Limbah Gonggong Disulap Jadi Penetral Tanah, Warga Tembesi Rasakan Dampaknya

Limbah Gonggong Disulap Jadi Penetral Tanah, Warga Tembesi Rasakan Dampaknya

Fadhly Fauzi Rachman - detikFinance
Kamis, 18 Des 2025 14:18 WIB
Limbah Gonggong Disulap Jadi Penetral Tanah, Warga Tembesi Rasakan Dampaknya
Foto: Dok. Istimewa
Jakarta -

Limbah cangkang gonggong yang sebelumnya terbuang kini dimanfaatkan warga Kelurahan Tembesi, Kecamatan Sagulung, Batam, sebagai penetral tanah pertanian yang bersifat asam. Inovasi ini membantu meningkatkan produktivitas lahan sekaligus menambah penghasilan masyarakat.

Program tersebut dijalankan melalui Program CSR PELITA Tembesi oleh PT Perusahaan Gas Negara Tbk (PGN) sebagai Subholding Gas Pertamina melalui Offtake Stasiun Panaran Batam. Kegiatan difokuskan pada pengelolaan lingkungan, pemberdayaan ekonomi warga, dan penguatan kapasitas masyarakat.

"Program Pelita ini bertujuan tidak hanya meningkatkan kualitas lingkungan dan kesejahteraan masyarakat, tetapi juga memperkuat kemandirian dan ketahanan sosial warga secara berkelanjutan," ujar Sekretaris Perusahaan PGN Fajriyah Usman.

SCROLL TO CONTINUE WITH CONTENT

PGN menemukan persoalan utama pertanian warga Tembesi berasal dari kondisi tanah dengan pH rendah yang menghambat penyerapan unsur hara dan menekan hasil panen. Di sisi lain, wilayah ini memiliki limbah cangkang gonggong yang melimpah dan belum dimanfaatkan.

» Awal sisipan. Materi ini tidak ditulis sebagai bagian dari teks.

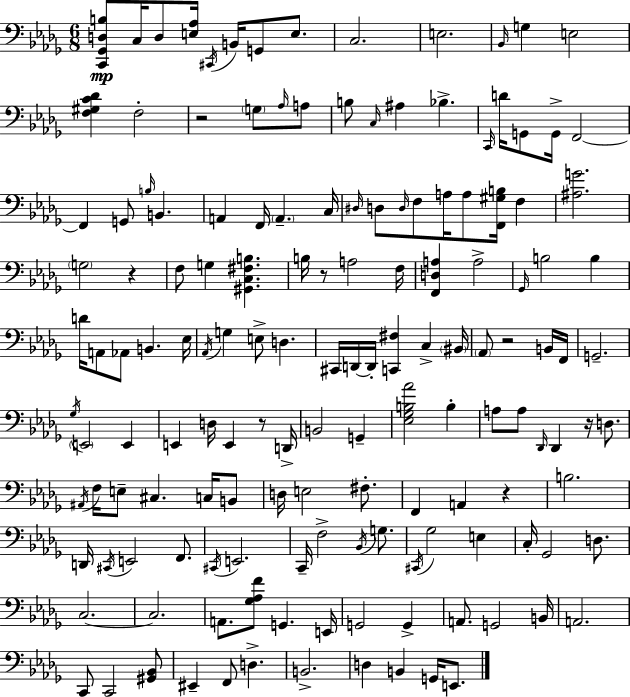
X:1
T:Untitled
M:6/8
L:1/4
K:Bbm
[C,,_G,,D,B,]/2 C,/4 D,/2 [E,_A,]/4 ^C,,/4 B,,/4 G,,/2 E,/2 C,2 E,2 _B,,/4 G, E,2 [F,^G,C_D] F,2 z2 G,/2 _A,/4 A,/2 B,/2 C,/4 ^A, _B, C,,/4 D/4 G,,/2 G,,/4 F,,2 F,, G,,/2 B,/4 B,, A,, F,,/4 A,, C,/4 ^D,/4 D,/2 D,/4 F,/2 A,/4 A,/2 [F,,^G,B,]/4 F, [^A,G]2 G,2 z F,/2 G, [^G,,C,^F,B,] B,/4 z/2 A,2 F,/4 [F,,D,A,] A,2 _G,,/4 B,2 B, D/4 A,,/2 _A,,/2 B,, _E,/4 _A,,/4 G, E,/2 D, ^C,,/4 D,,/4 D,,/4 [C,,^F,] C, ^B,,/4 _A,,/2 z2 B,,/4 F,,/4 G,,2 _G,/4 E,,2 E,, E,, D,/4 E,, z/2 D,,/4 B,,2 G,, [_E,_G,B,_A]2 B, A,/2 A,/2 _D,,/4 _D,, z/4 D,/2 ^A,,/4 F,/4 E,/2 ^C, C,/4 B,,/2 D,/4 E,2 ^F,/2 F,, A,, z B,2 D,,/4 ^C,,/4 E,,2 F,,/2 ^C,,/4 E,,2 C,,/4 F,2 _B,,/4 G,/2 ^C,,/4 _G,2 E, C,/4 _G,,2 D,/2 C,2 C,2 A,,/2 [_G,_A,F]/2 G,, E,,/4 G,,2 G,, A,,/2 G,,2 B,,/4 A,,2 C,,/2 C,,2 [^G,,_B,,]/2 ^E,, F,,/2 D, B,,2 D, B,, G,,/4 E,,/2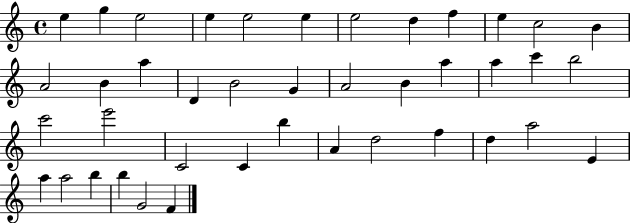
E5/q G5/q E5/h E5/q E5/h E5/q E5/h D5/q F5/q E5/q C5/h B4/q A4/h B4/q A5/q D4/q B4/h G4/q A4/h B4/q A5/q A5/q C6/q B5/h C6/h E6/h C4/h C4/q B5/q A4/q D5/h F5/q D5/q A5/h E4/q A5/q A5/h B5/q B5/q G4/h F4/q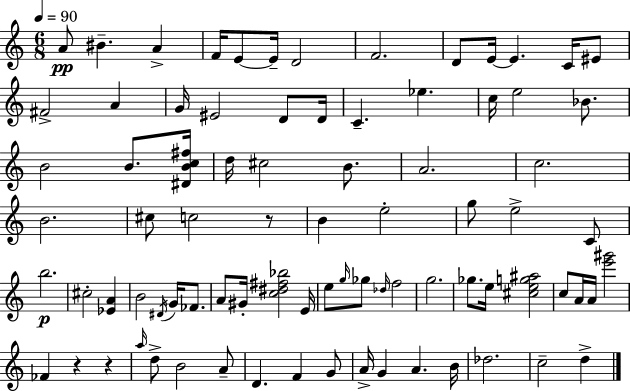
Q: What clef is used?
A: treble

Limbah tersebut kemudian diolah menjadi bubuk berkalsium tinggi untuk menetralkan tanah asam. Proses pengolahan dilakukan Kelompok Pengolah dan Pemasar (Poklahsar) Lance Perkasa yang melibatkan ibu rumah tangga dengan penghasilan tidak tetap.

ADVERTISEMENT

"Inovasi ini tidak hanya meningkatkan kualitas lahan pertanian, tetapi juga mendorong praktik pertanian ramah lingkungan serta memperkuat penerapan ekonomi sirkular berbasis potensi lokal," imbuh Fajriyah.

Inovasi yang diberi nama SI GOPAL (Sisa Gonggong jadi Penetral Lahan) ini mampu menurunkan timbulan limbah cangkang gonggong sebesar 0,288 ton per tahun pada tahun pertama program berjalan.

Dari sisi ekonomi, anggota kelompok memperoleh tambahan pendapatan Rp25.000 untuk setiap 5 kilogram bubuk terjual. Sementara itu, kelompok tani mencatat efisiensi biaya produksi hingga 4% serta terbentuknya kelompok baru yang mendorong partisipasi perempuan dalam aktivitas ekonomi lokal.